**WHAT THE EXERCISE ASKS**
Would you transcribe only the lines below, from the one containing "Furnished two-level apartment, with" through the end of the material, exactly and with no pictures?

**GIVEN MATERIAL**
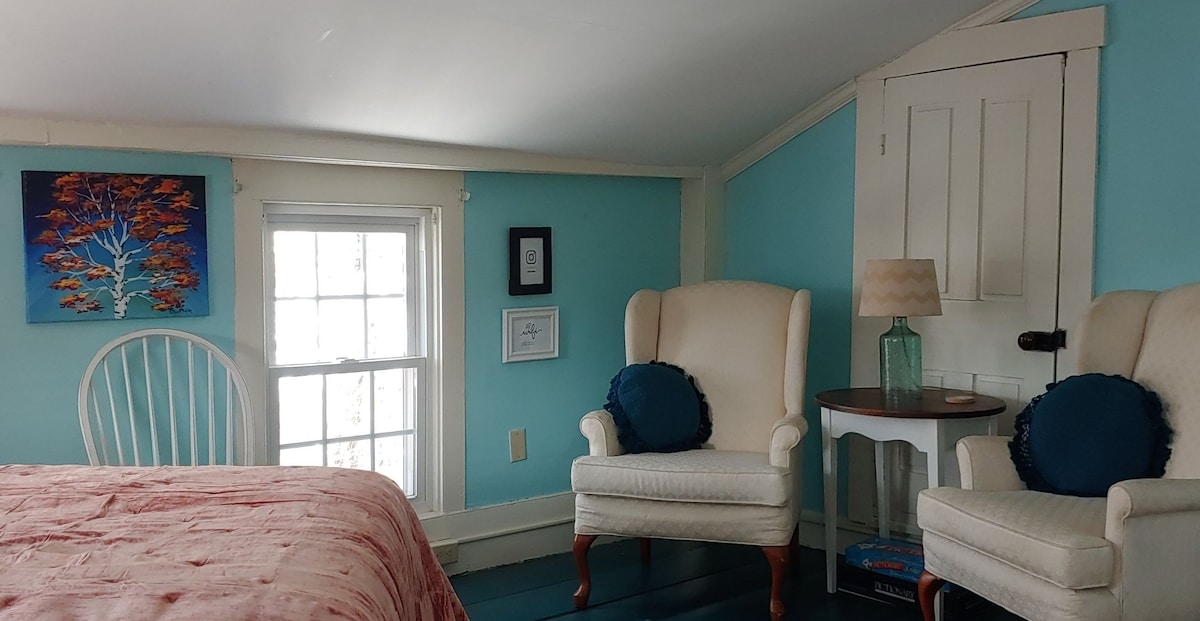 Rest Haven BNB 1830 's Colonial- The Teal Room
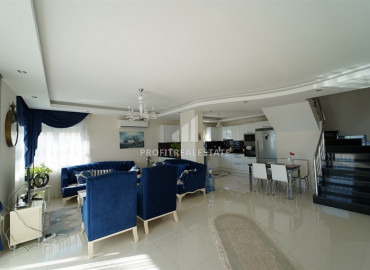 Furnished two-level apartment, with three bedrooms, 100 meters from the sea, Kestel, Alanya, 185 m2 ID-9004 фото-3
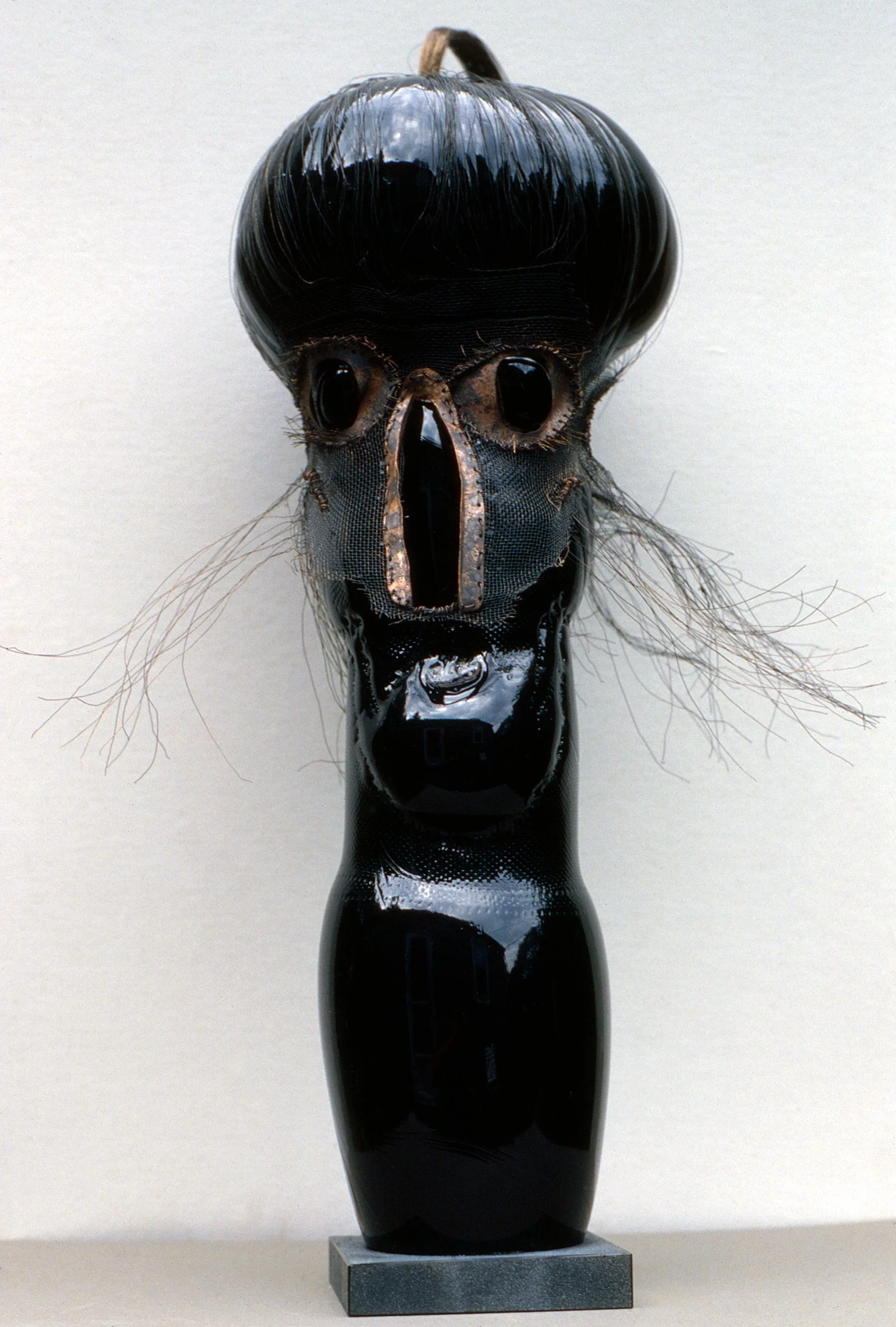 DAS0751-Don-Shepherd-artist-designer-glass-heads-wire-mesh-sculpture-1981.jpg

**TASK RESPONSE**
 Furnished two-level apartment, with three bedrooms, 100 meters from the sea, Kestel, Alanya, 185 m2 ID-9004 фото-3
 DAS0751-Don-Shepherd-artist-designer-glass-heads-wire-mesh-sculpture-1981.jpg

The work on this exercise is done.